Globally, they are not considered threatened species by the IUCN. On rare occasions, the bird can be found far outside its usual range. At different times, two had been sighted in New England as of 2010. (Note: In August 2010, one was repeatedly seen at the mouth of the Housatonic River in Connecticut. "One of only two that we know of from New England", according to Frank Gallow, associate director of the Connecticut Audubon Society Coastal Center.)

White-tailed kites typically nest at the top of trees, usually around 20 to 50 feet above ground level. These nests can be in open-country trees growing in isolation or at the edge of or within a forest. Their nests are built from medium-sized sticks and twigs, grasses, weeds, hay, and moss and are measured about 21 inches across with a cup that is around 7 in across and 4 in deep.

==Behaviour==
The white-tailed kite is famously known for "kiting", hovering in a position by facing into the wind and fluttering its wings. Although it may seem like irrelevant behavior at first, it does serve a purpose for hunting. While hovering around 80 feet in the air, it tips its head down to look for small mammals moving in the grass below. When prey is spotted, it dives down, quickly grabs the animal with its talons, and flies back up to eat.

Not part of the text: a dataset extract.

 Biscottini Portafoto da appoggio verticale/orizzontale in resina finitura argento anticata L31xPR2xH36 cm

White-tailed kites feed principally on rodents, small opossums, shrews, reptiles, amphibians, and large insects, and they are readily seen patrolling or hovering over lowland scrub or grassland. They rarely if ever eat other birds, and even in open cerrado, mixed-species feeding flocks generally ignore them. Most of the hunted insects are consumed on the wing while flying; instead of returning to a perch to feed, these birds transfer the prey from their talons to their beaks while flying to eat. In the case of larger prey such as rodents and lizards, they fly to a perch to pluck and eat.

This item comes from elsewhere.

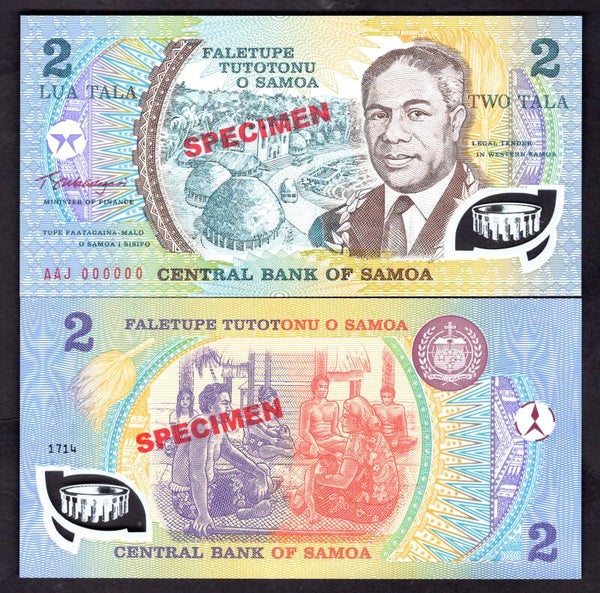 Samoa, 2 Tala (2003), Specimen, series AAJ 000000 (WPM 31s). AU-UNC.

Outside the breeding season during the winter, they roost, congregate or settle to rest at night, communally in groups of up to 100. However, once mating formally begins with the construction of nests by both males and females in mid-February, the female kite abstains from hunting for the time being and stays in the nest to incubate the eggs while the male brings food back to the nest for the female and children. This incubation period lasts around 26–32 days and they lay around 4 to 5 eggs at a time. Their eggs are cream-colored with splotches of light and dark brown. Once they have hatched, it takes them around 35–40 days to develop the proper feathers and start learning how to fly.

White-tailed kites have been observed in aerial combat at the margins of territories, locking talons in a behavior described as "grappling". This is most often done during mating season as an act of dominance when the male kite patrols the nest. They typically slash and peck at intruding birds until one of the birds backs down or falls.

== Threats ==
Their predators are primarily other birds such as red-tailed hawks, peregrine falcons, prairie falcons, and great horned owls. Smaller birds such as American crows, common ravens, and small to medium-sized carnivores prey on the eggs of white-tailed kites.

Deforestation and urban expansions have caused the number of white-tailed kites to decrease as they lose suitable habitat. Climate change also impacts the white-tailed kite population, as heat waves in the spring put young birds at risk as their bodies are not developed enough to properly regulate their body temperature and can die from dehydration.